DATA TO PROCESS
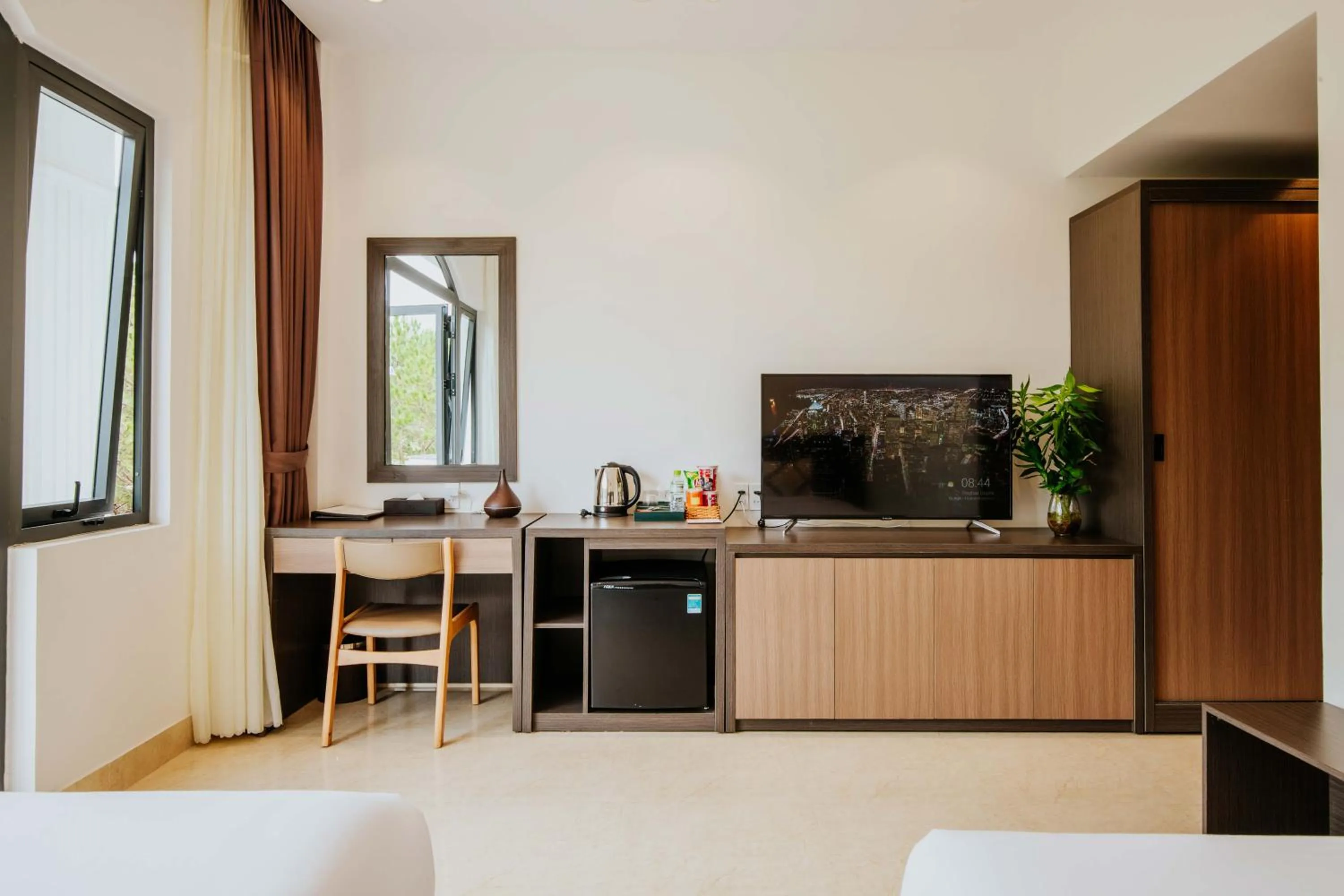 Deluxe Twin Room with Mountain View in Rừng Lá Kim Resort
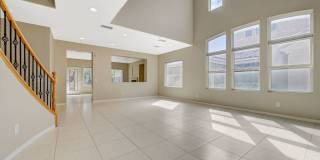4 Bedroom Home in Silverstone Ranch Gallery 7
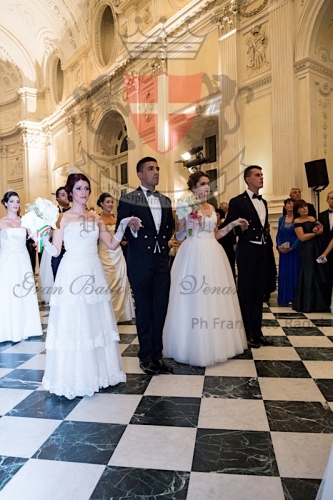 Gran Ballo apertura00451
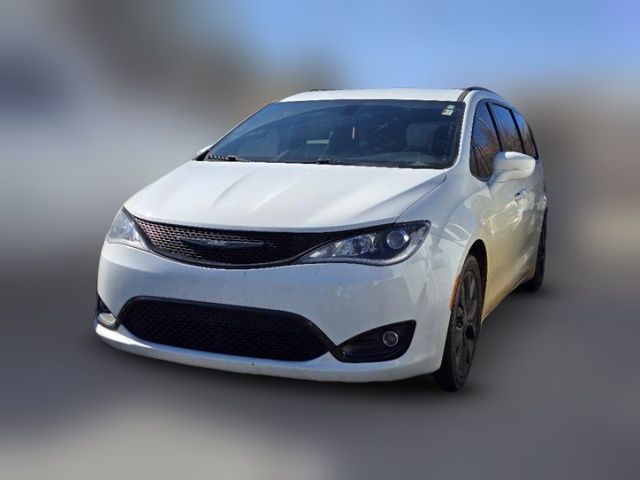 2018 Chrysler Pacifica Touring-L Plus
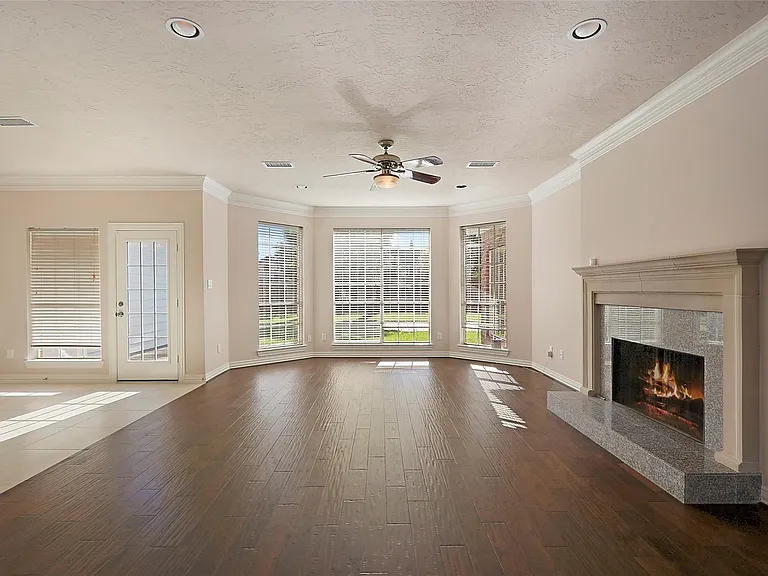19911 Sky Hollow Ln — Photo 5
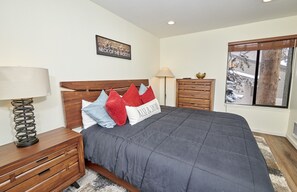 1 bedroom, WiFi, bed sheets - St Anton Condos #79 (1-Bedroom) with Pool by RedAwning (Mammoth Lakes)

BRIEF
Reproduce every record in full. Leave out the images.

RESULT FOR THIS EXERCISE
 Deluxe Twin Room with Mountain View in Rừng Lá Kim Resort
4 Bedroom Home in Silverstone Ranch Gallery 7
 Gran Ballo apertura00451
 2018 Chrysler Pacifica Touring-L Plus
19911 Sky Hollow Ln — Photo 5
 1 bedroom, WiFi, bed sheets - St Anton Condos #79 (1-Bedroom) with Pool by RedAwning (Mammoth Lakes)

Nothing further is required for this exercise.